The optimism did not last long at all, as a former employee filed a class-action lawsuit demanding accrued vacation pay and alleging that Sungevity failed to comply with the WARN Act. The full lawsuit alleged Sungevity did not compensate employees for accrued vacation and personal time off and failed to pay commissions, bonuses, pensions, 401(k) contributions and health plans. Additionally, the paychecks issued by the company to workers laid off on March 9 failed to clear, as did final severance checks to workers laid off in January. The checks were returned by employees’ banks as fraudulent.

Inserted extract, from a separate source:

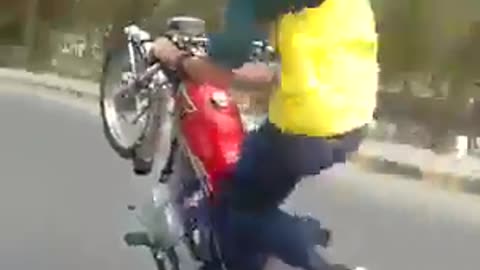 Pakistani amazing unbelievable Bike Stunt OMG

Sungevity’s sale of its American assets to Northern Pacific Group for $50 million was approved by a Delaware bankruptcy court.
Two days later, the revived Sungevity changed its name to Solar Spectrum and slashed 40 more employees without notice. The move, described by an anonymous source to pv magazine, was “trimming the rest of the fat.” This left the once proud company with a total crew of around 100 employees. And before you ask, yes, these layoffs also violated the WARN Act.
The new Solar Spectrum pledged to bring Sungevity’s displaced workers back and to operate the bankrupt firm’s European properties. Solar Spectrum also gave all former Sungevity customers a chance to purchase a warranty solution.
It’s important here to point out that this was Sungevity US that was sold, and Sungevity International, headquartered in Amsterdam, was never bankrupt nor in a European equivalent of Chapter 11. Sungevity International was sold in May 2017 to Engie SA. Sungevity International operates as a fully independent company 100% owned by Engie, and has no connection with Solar Spectrum, Sungevity US, nor with Northern Pacific Group.
Sungevity rebirth and expansion
For a period, beginning in August 2017, Sungevity began experiencing rebound success. Sungevity did, not Solar Spectrum, as in August 2017, Solar Spectrum officially merged with residential installer Horizon Solar Power. The Sungevity brand was reborn and Horizon CEO Frank Kneller came in as the CEO of the combined business with a whole new leadership team.
In September 2017, the new Sungevity acquired retail marketing services provider BrightCurrent and the solar sales division of Skyline Solar. A year later, the company was the 7th largest residential solar provider in the nation with a 1% market share and had acquired two battery and energy management companies, Hawaii Energy Connection and E-Gear. The company also appointed David White as CEO.
Since 2018, Sungevity was relatively quiet in its operations until this most recent round of layoffs. Now, the future of the reborn brand and its customers are in jeopardy.
Edit 4/2/20: This article was edited to clarify the difference between Sungevity US and Sungevity International.